I understand Mr Goolsbee in the White House has some kind of paper showing that the average uninsured family will still be able to afford the necessities and still pay for this insurance premium. I imagine it doesn’t say anything about being able to afford the deductible and co-pays. I suppose it is works on one of those “Chained CPI” principles that supposes people can just move down to buying cheaper things to afford the premiums.
“It was clear to me, as an uninsured person, that this “mandate” that was supposed to get 30 million (or however many million) uninsured people insurance was going to nothing of the kind. It simply imposed a penalty on me if I did not buy the insurance.”

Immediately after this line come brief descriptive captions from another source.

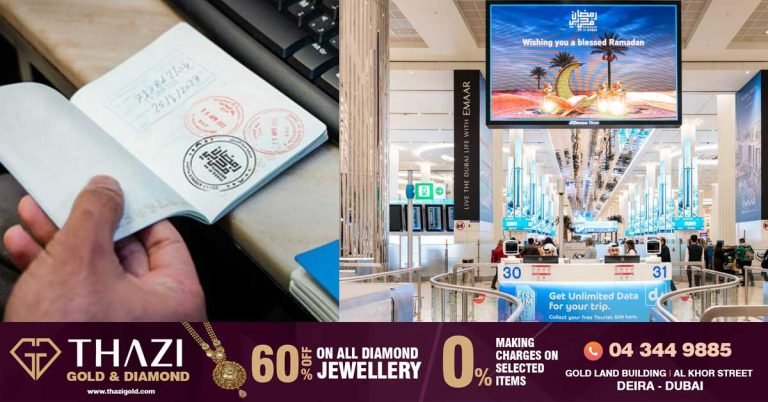 Special stamps in passports and complimentary SIM cards for visitors arriving in Dubai during Ramadan.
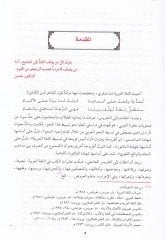 Mevsuatu Ulumi'l-Lugati'l-Arabiyye - موسوعة علوم اللغة العربية
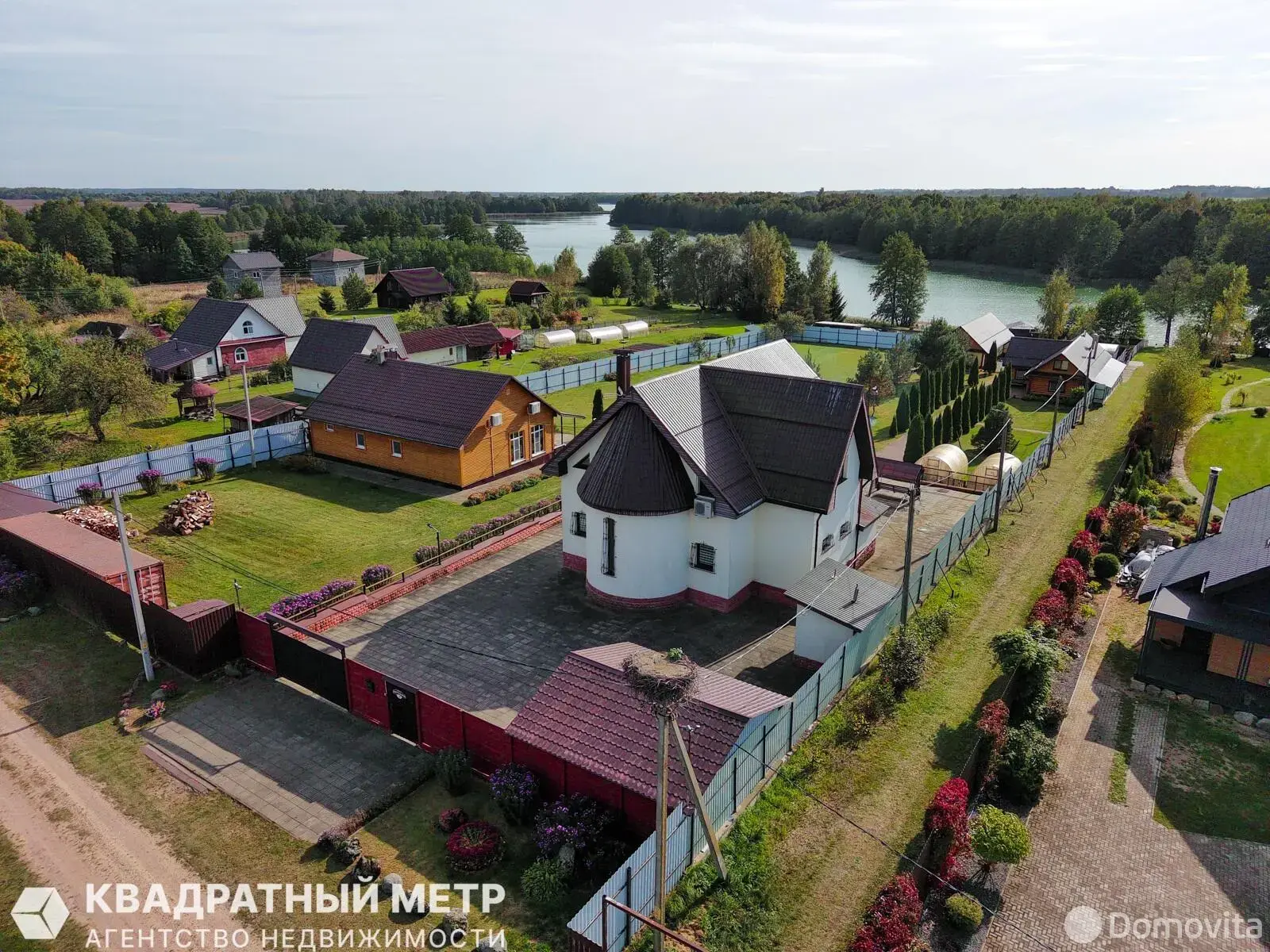 дом, Поземщина, , стоимость продажи 1 018 046 р.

Indeed. That’s exactly what it was always about: Forcing people under penalty of law to buy a product. I can’t think of a purer expression of Corporatism.
I’d take a DLCer over whatever twisted ideology Obama ascribes to any day of the week. But she won’t run again-regardless of her campaign debt-because, whatever else she may be, she’s not a masochist.
“I expect many thousands of people will do the same.”
Thousands? I think you’re severely underestimating. I would say millions of uninsured would be a low end estimate, I’m inclined to believe that at least 10 million will still be uninsured. I think the very low enrollment in the so-called “high risk pools” provides a decent amount of foreshadowing to demonstrate just how horrible the ACA is.
Going to Ryan plan – lower rates with loophole closing, is a 10% tax cut for the rich and much more than a 10% increase for the rest of us.
As to the spread of the Bush tax cuts, the child credit increase is the vast majority of the benefit the non-rich got, so pass a new child credit but this time pay for it with a tax increase on the rich – heck add the two other “non-rich” items – the marriage penalty fix and the AMT fix – and tou still have 80% of that $3,5 trillion saved.
So yes – a return to the Clinton rates is indeed a tax cut for the non-rich compared to the plans the GOP has out there.
spot on
You get the voucher before you buy, even thought it is called a tax refund credit.
There is a subsidization of insurance premiums for individuals with income up to 400% of the poverty line. Section 1401(36B) of PPACA explains that the subsidy will be provided as an advanceable, refundable tax credit and gives a formula for its calculation. A Refundable tax credit is a way to provide government benefit to people even with no tax liability (example: Earned Income Credit). Employed individuals who pay more than 9.5% of their income on health insurance premiums will be permitted to purchase subsidized private insurance through the exchanges. If the employer provides an employer sponsored plan but the individual earns less than 400% of the Federal Poverty level and could qualify for a government subsidy, the employee is entitled to obtain a “free choice voucher” from the employer of equivalent value to the employer’s offering which can be spent in the exchange to buy a subsidized policy of his own choosing.]
As noted above, You get the voucher before you buy, even thought it is called a tax refund credit.
There is a subsidization of insurance premiums for individuals with income up to 400% of the poverty line. Section 1401(36B) of PPACA explains that the subsidy will be provided as an advanceable, refundable tax credit and gives a formula for its calculation. A Refundable tax credit is a way to provide government benefit to people even with no tax liability (example: Earned Income Credit). Employed individuals who pay more than 9.5% of their income on health insurance premiums will be permitted to purchase subsidized private insurance through the exchanges. If the employer provides an employer sponsored plan but the individual earns less than 400% of the Federal Poverty level and could qualify for a government subsidy, the employee is entitled to obtain a “free choice voucher” from the employer of equivalent value to the employer’s offering which can be spent in the exchange to buy a subsidized policy of his own choosing.]